Aquatimer Chronograph “Cousteau Divers”
The legacy of the Commander
The Watch Quote™ - May 28th, 2006
The cooperation between The Cousteau Society and IWC, first entered into in 2004, has since grown into a close friendship. The anniversary expedition to the coral reefs in the Red Sea in the year 2003, undertaken with the support of IWC, marked the start of this cooperation: 50 years after the legendary voyage of Jacques-Yves Cousteau into these maritime wonders of nature on his research vessel Calypso, the divers of The Cousteau Society were able, by making direct comparisons, to find evidence that the submarine biotopes were still predominantly in a reassuringly good state and were in need of strict conservation measures. 50 years after the voyage, a new film was also made in this wonderful “Silent World”, which backs up this statement.

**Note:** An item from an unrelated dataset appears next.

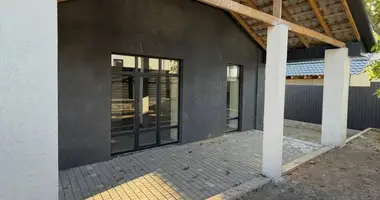 Maison 4 chambres dans Usatove, Ukraine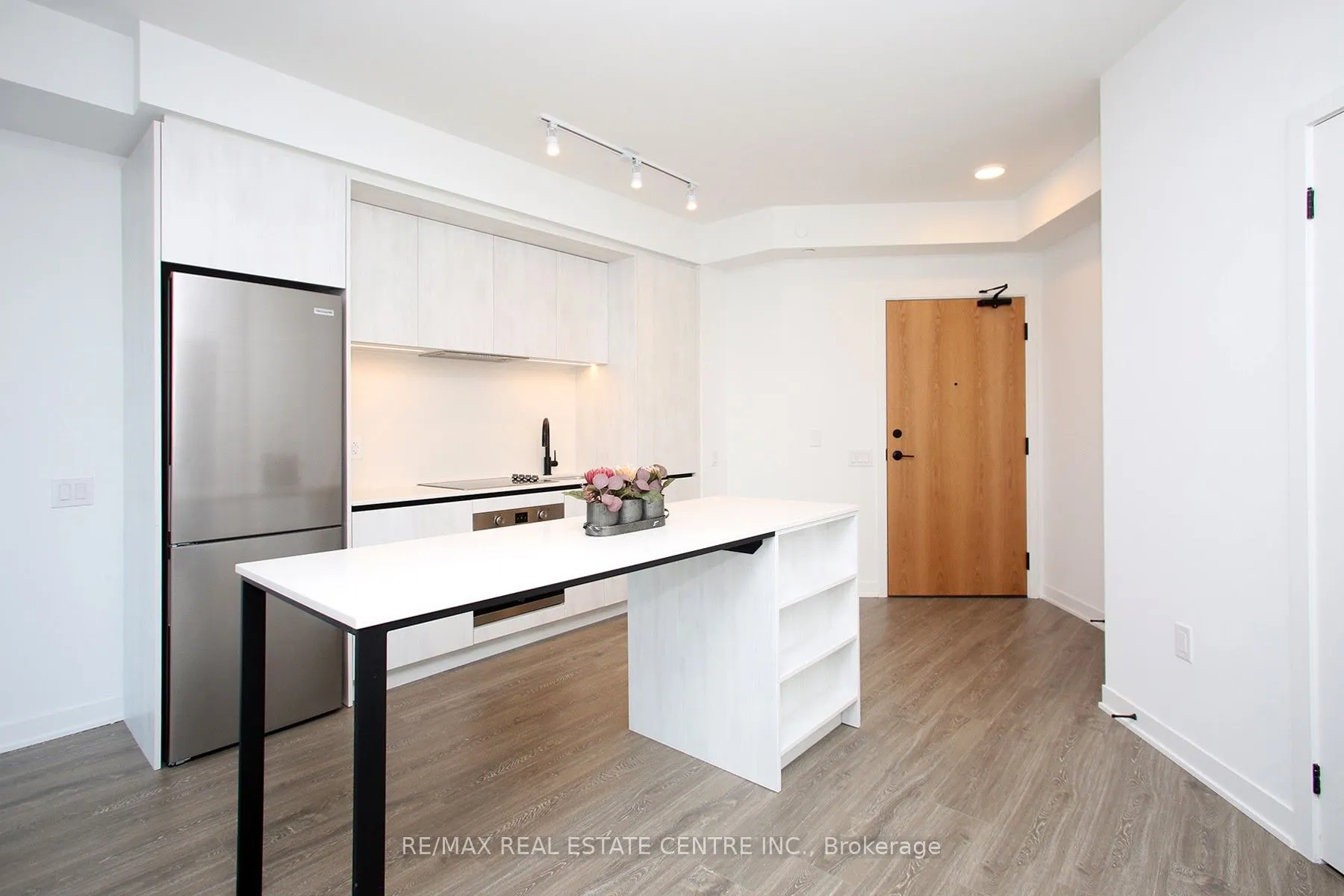 2495 Eglinton Avenue W, #1506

Now, through a second campaign, the Schaffhausen watch manufactory is again supporting the active marine conservationists and the heirs of the Commander: Part of the proceeds from sales of a Special Edition of the Aquatimer Chronograph limited to 2,500 watches will go to The Cousteau Society.
In this way, every purchaser of an Aquatimer Chronograph “Cousteau Divers” not only enters into an idealistic alliance with the active marine conservationists of The Cousteau Society, led by Francine Cousteau, the widow of the Commander. He also becomes an associate and participant in an ecological challenge of the first order, which Cousteau himself described as follows: “People protect what they love.”. From an ecological point of view, the tropical coral reefs can be regarded as the rain forests of the oceans.
Jacques-Yves Cousteau was the pioneer who not only recognized this relationship, but also brought it to the attention of the world through his popular films. His spirit lives on. The proximity to the ideas of the most famous Frenchman of modern times finds expression in a quite unusual way in the Aquatimer Special Edition: Every watch incorporates a small piece of the legendary Calypso, the first vessel from which Cousteau and his crew dived on the world’s oceans. Inlaid in the steel back of the watch and secure behind the sapphire glass is a sliver of timber from the converted minesweeper, presented to the marine researcher by the Irish brewer Noel Guinness shortly after the end of the war.
Current research remains the central area of activity of The Cousteau Society to this day, and this would most certainly have been the intention of Cousteau, who popularized diving as a sport and made marine conservation a topic of global significance. Through his films, millions of people all over the world accompanied him into unknown underwater paradises. The man in the red woollen cap, who died in 1997, opened the eyes of mankind not only to the magic of our oceans, but also to the threat faced by them. Without his films and books, the “Silent World” – the title of the award winning film, made in the Red Sea in 1953 – would most likely have become a world in which the natural fundamentals of life were overexploited. The Cousteau Society, founded by the Commander in 1974, operates today as a non-profit organization under the auspices of UNESCO, and for the first time it has accepted a cooperation partner from the world of business on board in the form of IWC.